Dec 12: Garrett Booher's (VanNieuwenhze lab) "Fluorescent D-amino acids as tools for studying peptidoglycan synthase activity and developing a high-throughput screening assay to identify novel antibiotics" at 4:00 pm
Peptidoglycan is a unique structure to bacteria, which allows this structure to be an important target for antibiotics due to its orthogonality to human cell biology. One target of such antibiotics is the bacterial transpeptidases, mainly penicillin binding proteins (PBPs), that have been widely studied since the discovery of penicillin in the early 1900's. However, tools to study the dynamics of these enzymes in vivo and in vitro have been lacking. Recently, the VanNieuwenhze lab discovered that transpeptidases can utilize fluorescent D-amino acids (FDAAs) to incorporate a fluorescent tag into peptidoglycan. Thus, resulting in the labeling of peptidoglycan to study the growth modes of various different bacterial species. These FDAAs have been applied to a wide range of studies, including dynamics of peptidoglycan synthesis, peptidoglycan-enzyme interactions, and peptidoglycan metabolism. Herein, I report additional applications of FDAAs to further the understanding of the enzymes involved in peptidoglycan processes.
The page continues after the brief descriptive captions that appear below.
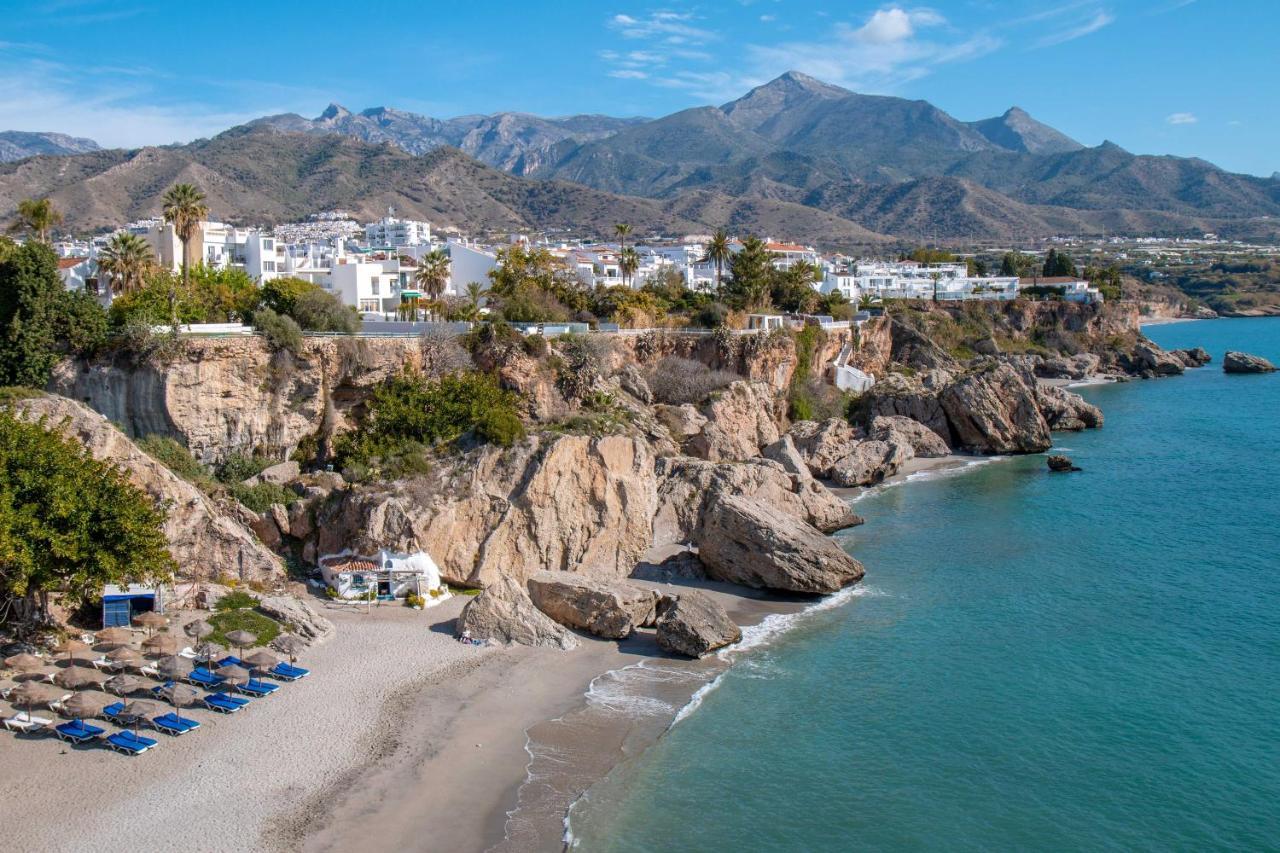 Apartamentos Vacacional En Plaza De Espana Nerja Εξωτερικό φωτογραφία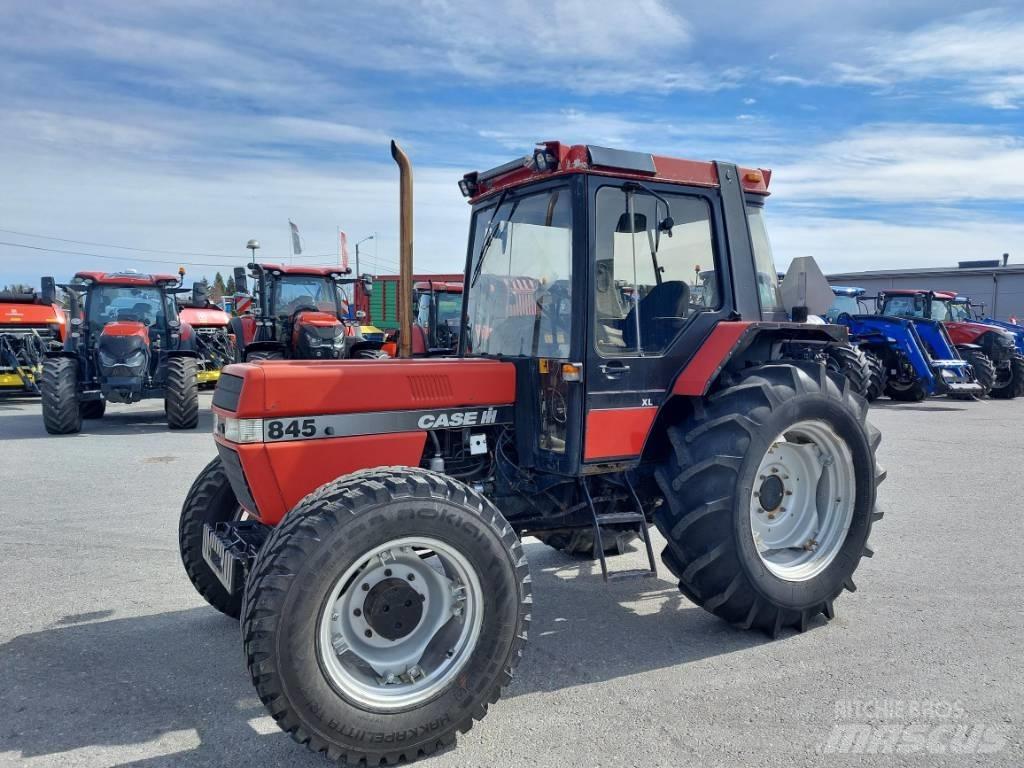Case IH 845 XL Turbo Tracteur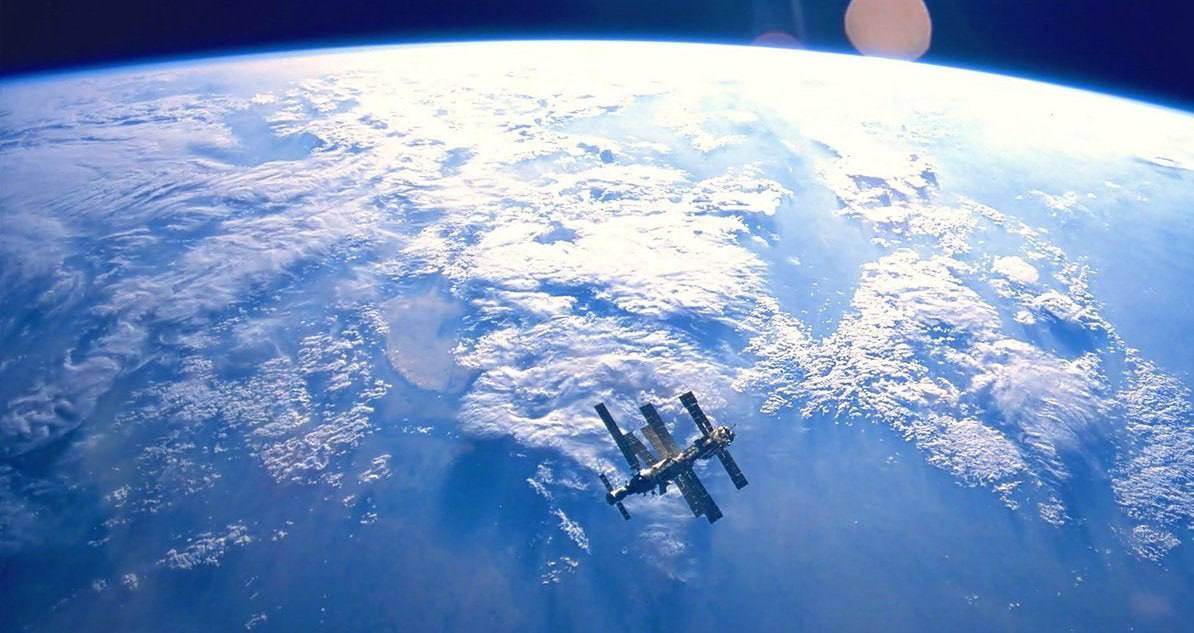 Анна Хорошун: 23 марта. 2001. Завершила работу советская орбитальная станция «Мир»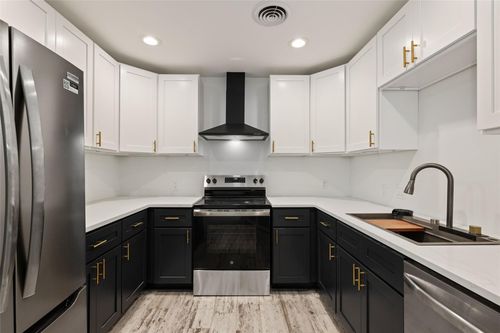 apt-11-909 Silber Rd, Houston, TX, 77024-3628 | Card Image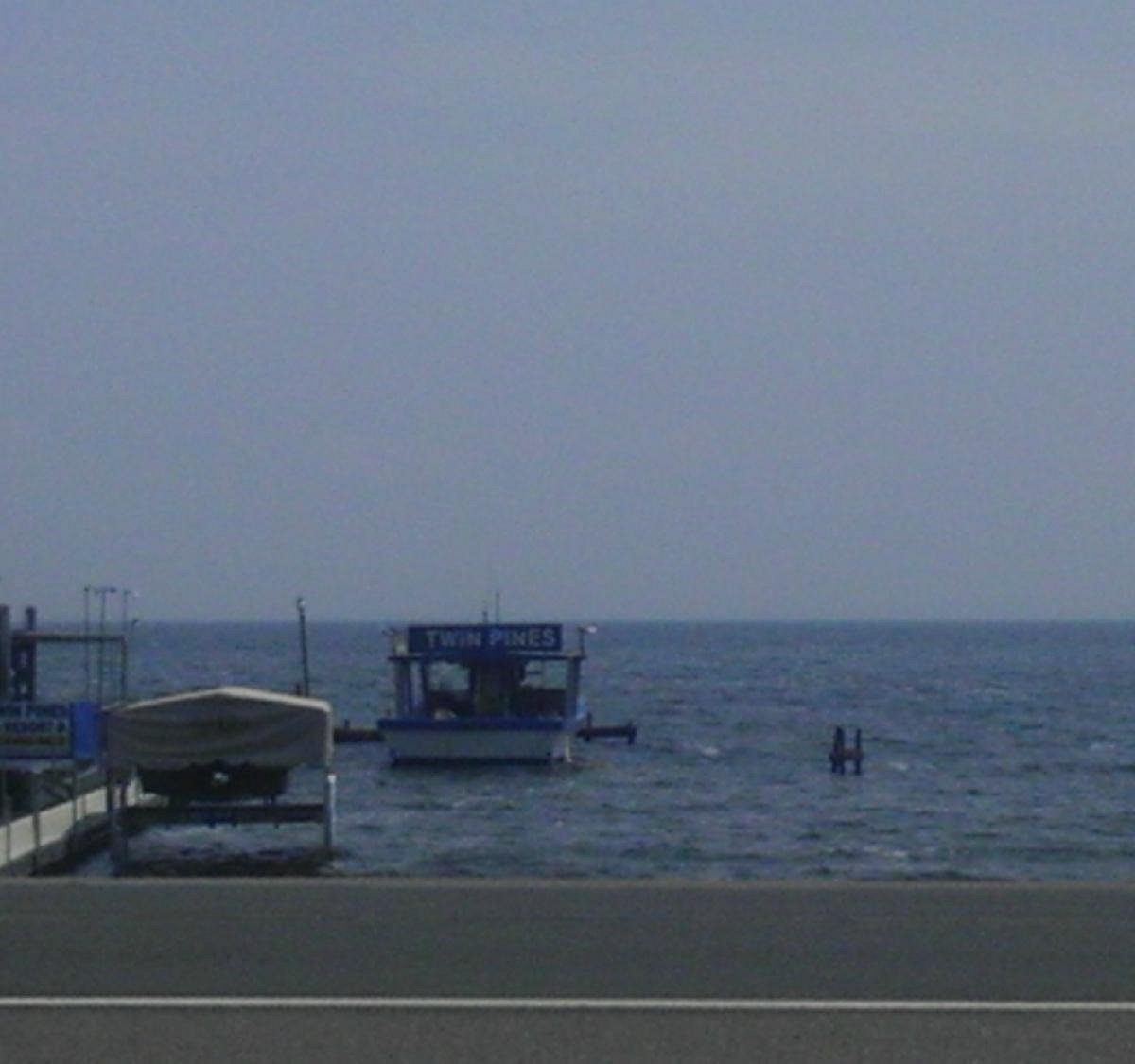 Ice Fishing - Twin Pines Resort Mille Lacs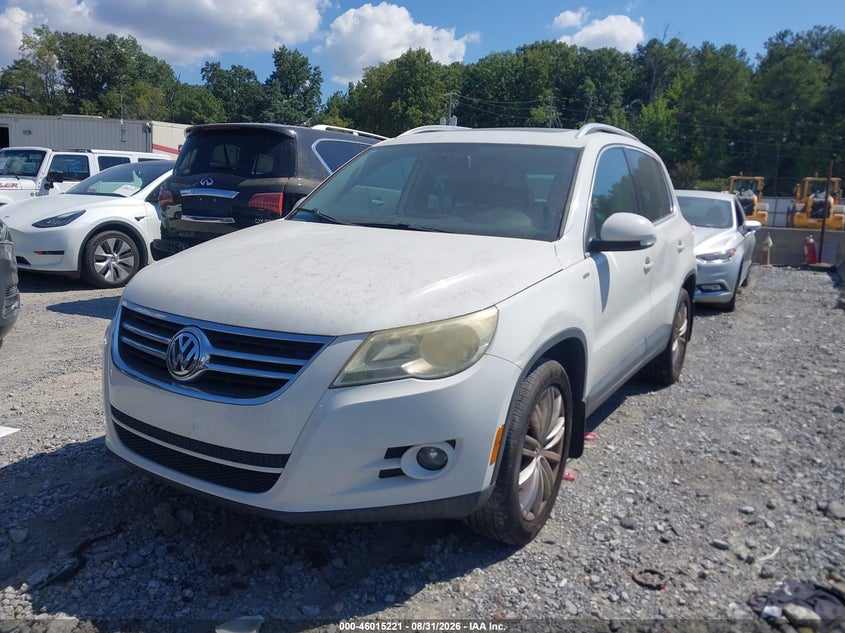 2010 VOLKSWAGEN TIGUAN auction photo 2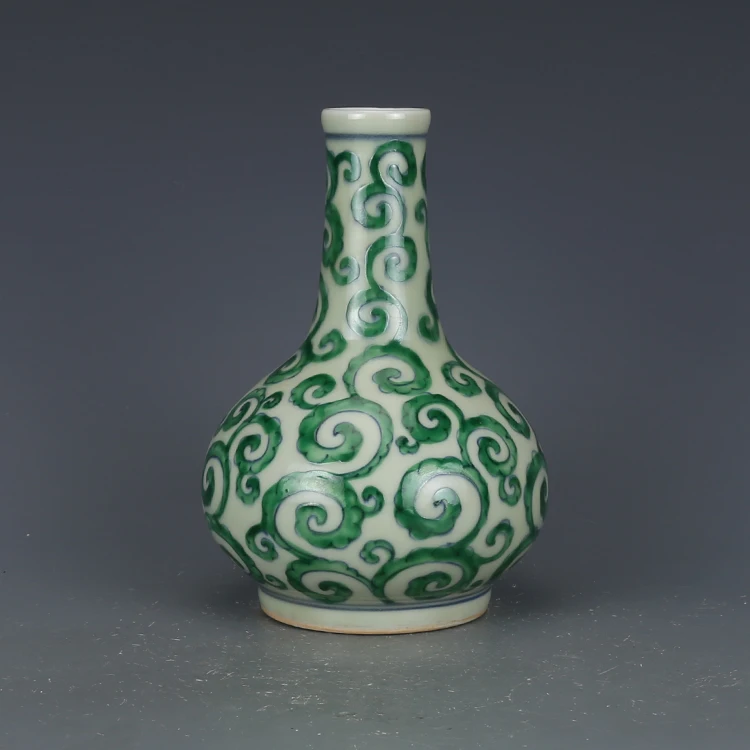 

Ming Dynasty Chenghua Year Mark Green Scroll Grass Pattern Gallbladder Vase Antique Porcelain Ming And Qing Dynasty Ornaments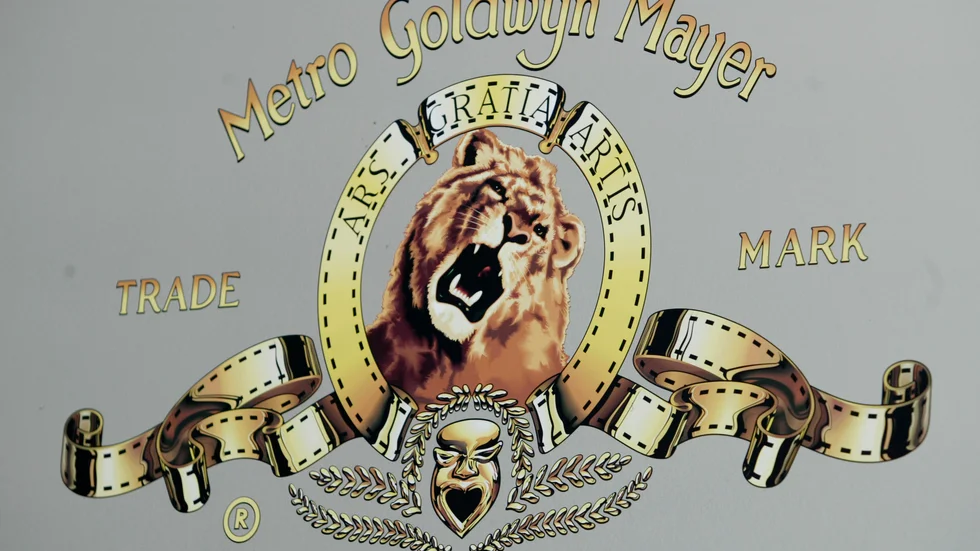 MGM:s logotyp fotograferad utanför filmstudions kontor i Santa Monica i Kalifornien. Snart skulle Amazon kunna bli ny ägare till bolaget. Arkivbild.
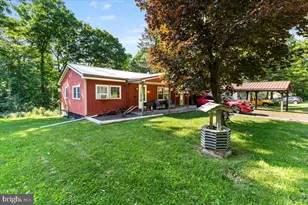 4249 Chestnut Ridge Rd, Grantsville, MD 21536 - Photo 4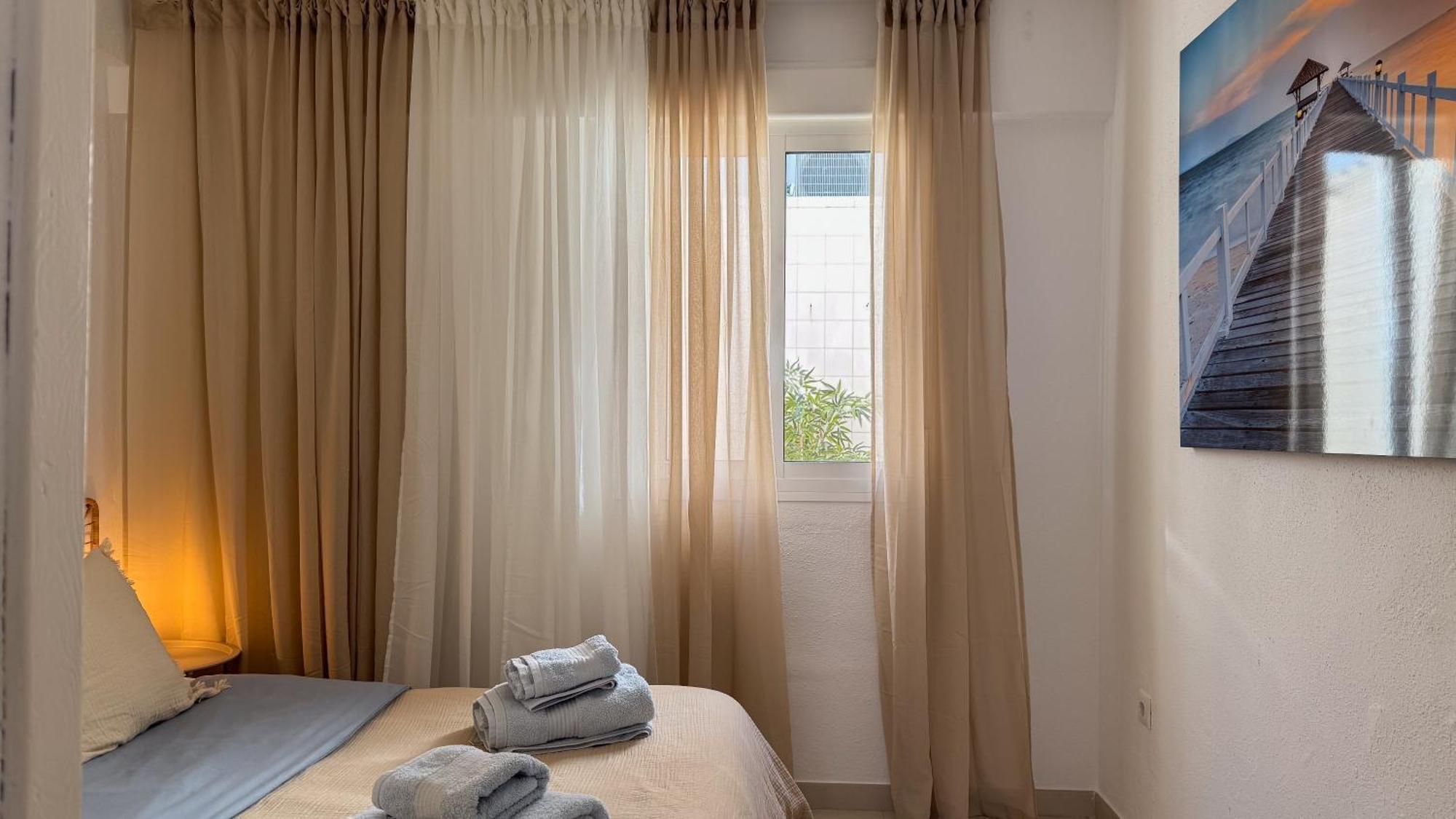 La Familia Beach House La Cala Ла Кала де Михас Стая снимка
Specifically, the development of several methods for studying the enzymatic reactions of various transpeptidases. Furthermore, an assay developed to study PBPs in vitro in real-time is reported. This assay has been optimized to the point that a robust screening of natural products was performed, and several hits were identified. Though the positive hits did not meet the threshold for clinical drugs, chemical modification of the compounds could enhance activity. Specifically, these chemical compounds can be modified to incorporate a D-amino acid backbone. The hypothesis being that since the enzymes involved in peptidoglycan synthesis can use FDAAs, substituting the fluorophore with a reactive compound could lead to a novel class of antibiotics. This work demonstrates the value of such an assay to screen for compounds. These can be further optimized to allow new and potent antibiotics to be discovered and implemented as therapeutics.